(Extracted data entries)
□ □ □

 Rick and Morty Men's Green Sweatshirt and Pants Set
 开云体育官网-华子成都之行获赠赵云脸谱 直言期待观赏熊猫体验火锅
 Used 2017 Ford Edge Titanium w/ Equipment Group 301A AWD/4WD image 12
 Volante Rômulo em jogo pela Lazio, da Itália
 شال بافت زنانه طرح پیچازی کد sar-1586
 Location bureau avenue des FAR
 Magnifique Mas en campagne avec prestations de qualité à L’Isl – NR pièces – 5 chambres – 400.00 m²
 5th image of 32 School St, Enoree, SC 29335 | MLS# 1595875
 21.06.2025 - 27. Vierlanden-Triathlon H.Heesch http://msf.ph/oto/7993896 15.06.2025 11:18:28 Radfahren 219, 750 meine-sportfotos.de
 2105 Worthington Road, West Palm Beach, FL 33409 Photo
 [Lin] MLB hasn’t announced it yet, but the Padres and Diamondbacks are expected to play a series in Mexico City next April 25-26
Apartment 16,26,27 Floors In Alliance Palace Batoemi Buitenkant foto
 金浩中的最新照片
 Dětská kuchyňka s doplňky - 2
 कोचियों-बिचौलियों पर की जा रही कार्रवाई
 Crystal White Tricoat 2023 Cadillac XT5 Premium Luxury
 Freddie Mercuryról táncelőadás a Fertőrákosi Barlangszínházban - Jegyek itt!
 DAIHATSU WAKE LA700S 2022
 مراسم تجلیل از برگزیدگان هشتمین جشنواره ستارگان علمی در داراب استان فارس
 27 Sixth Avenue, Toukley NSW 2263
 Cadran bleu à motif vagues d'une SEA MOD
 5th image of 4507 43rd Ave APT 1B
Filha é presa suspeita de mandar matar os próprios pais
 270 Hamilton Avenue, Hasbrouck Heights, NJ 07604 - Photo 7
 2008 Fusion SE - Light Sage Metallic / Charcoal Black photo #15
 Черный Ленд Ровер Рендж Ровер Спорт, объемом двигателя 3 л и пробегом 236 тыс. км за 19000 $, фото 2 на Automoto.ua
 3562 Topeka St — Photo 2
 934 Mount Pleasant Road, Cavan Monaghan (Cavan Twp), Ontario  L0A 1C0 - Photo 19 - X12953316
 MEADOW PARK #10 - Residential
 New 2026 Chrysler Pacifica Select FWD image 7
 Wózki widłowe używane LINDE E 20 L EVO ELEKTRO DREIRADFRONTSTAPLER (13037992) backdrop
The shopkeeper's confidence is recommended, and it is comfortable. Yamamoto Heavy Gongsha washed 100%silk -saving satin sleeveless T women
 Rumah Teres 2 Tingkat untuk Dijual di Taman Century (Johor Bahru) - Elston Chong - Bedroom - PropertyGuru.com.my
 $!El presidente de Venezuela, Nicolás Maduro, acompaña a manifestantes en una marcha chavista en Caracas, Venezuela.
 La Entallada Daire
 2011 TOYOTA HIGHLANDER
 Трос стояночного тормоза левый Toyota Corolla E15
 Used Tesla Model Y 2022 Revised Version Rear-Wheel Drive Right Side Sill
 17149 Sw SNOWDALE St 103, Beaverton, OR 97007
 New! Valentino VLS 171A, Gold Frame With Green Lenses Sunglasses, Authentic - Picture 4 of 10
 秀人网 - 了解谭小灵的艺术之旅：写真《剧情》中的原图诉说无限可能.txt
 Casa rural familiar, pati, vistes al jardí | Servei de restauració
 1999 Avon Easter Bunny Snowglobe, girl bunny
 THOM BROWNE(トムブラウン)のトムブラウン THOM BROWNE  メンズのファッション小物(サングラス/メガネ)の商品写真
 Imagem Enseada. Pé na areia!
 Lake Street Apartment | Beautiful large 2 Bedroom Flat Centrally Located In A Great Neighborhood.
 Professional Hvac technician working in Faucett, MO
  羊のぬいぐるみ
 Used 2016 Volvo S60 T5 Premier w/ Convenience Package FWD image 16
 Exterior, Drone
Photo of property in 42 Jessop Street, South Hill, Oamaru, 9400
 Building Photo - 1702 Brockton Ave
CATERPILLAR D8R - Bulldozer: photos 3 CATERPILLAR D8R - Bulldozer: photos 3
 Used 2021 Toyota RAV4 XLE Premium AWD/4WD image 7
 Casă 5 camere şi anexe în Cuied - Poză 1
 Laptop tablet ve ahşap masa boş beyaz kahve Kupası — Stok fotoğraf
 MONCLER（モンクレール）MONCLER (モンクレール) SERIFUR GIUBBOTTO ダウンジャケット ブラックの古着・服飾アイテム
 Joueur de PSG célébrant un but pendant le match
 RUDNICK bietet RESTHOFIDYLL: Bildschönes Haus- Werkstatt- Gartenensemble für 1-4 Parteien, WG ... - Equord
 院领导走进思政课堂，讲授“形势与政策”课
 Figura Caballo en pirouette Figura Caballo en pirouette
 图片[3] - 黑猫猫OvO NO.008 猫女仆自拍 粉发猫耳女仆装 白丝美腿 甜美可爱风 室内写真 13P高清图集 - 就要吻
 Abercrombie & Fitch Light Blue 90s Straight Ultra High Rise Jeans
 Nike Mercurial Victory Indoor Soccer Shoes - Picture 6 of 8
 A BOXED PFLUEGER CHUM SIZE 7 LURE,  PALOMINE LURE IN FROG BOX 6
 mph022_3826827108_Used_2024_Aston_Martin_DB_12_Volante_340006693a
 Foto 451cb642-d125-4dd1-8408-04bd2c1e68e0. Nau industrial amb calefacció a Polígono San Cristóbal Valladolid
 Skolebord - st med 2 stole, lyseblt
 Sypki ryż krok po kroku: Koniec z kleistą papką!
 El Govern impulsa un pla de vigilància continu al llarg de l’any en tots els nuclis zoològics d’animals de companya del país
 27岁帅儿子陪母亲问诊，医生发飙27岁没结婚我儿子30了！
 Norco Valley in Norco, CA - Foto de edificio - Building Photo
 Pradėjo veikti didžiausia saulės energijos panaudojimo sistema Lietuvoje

□ □ □

Activity. Up to and including the line with "5th image of 32", repeat the data exactly, starting from its first line; nothing else belongs in the response.

Answer section.
 Rick and Morty Men's Green Sweatshirt and Pants Set
 开云体育官网-华子成都之行获赠赵云脸谱 直言期待观赏熊猫体验火锅
 Used 2017 Ford Edge Titanium w/ Equipment Group 301A AWD/4WD image 12
 Volante Rômulo em jogo pela Lazio, da Itália
 شال بافت زنانه طرح پیچازی کد sar-1586
 Location bureau avenue des FAR
 Magnifique Mas en campagne avec prestations de qualité à L’Isl – NR pièces – 5 chambres – 400.00 m²
 5th image of 32 School St, Enoree, SC 29335 | MLS# 1595875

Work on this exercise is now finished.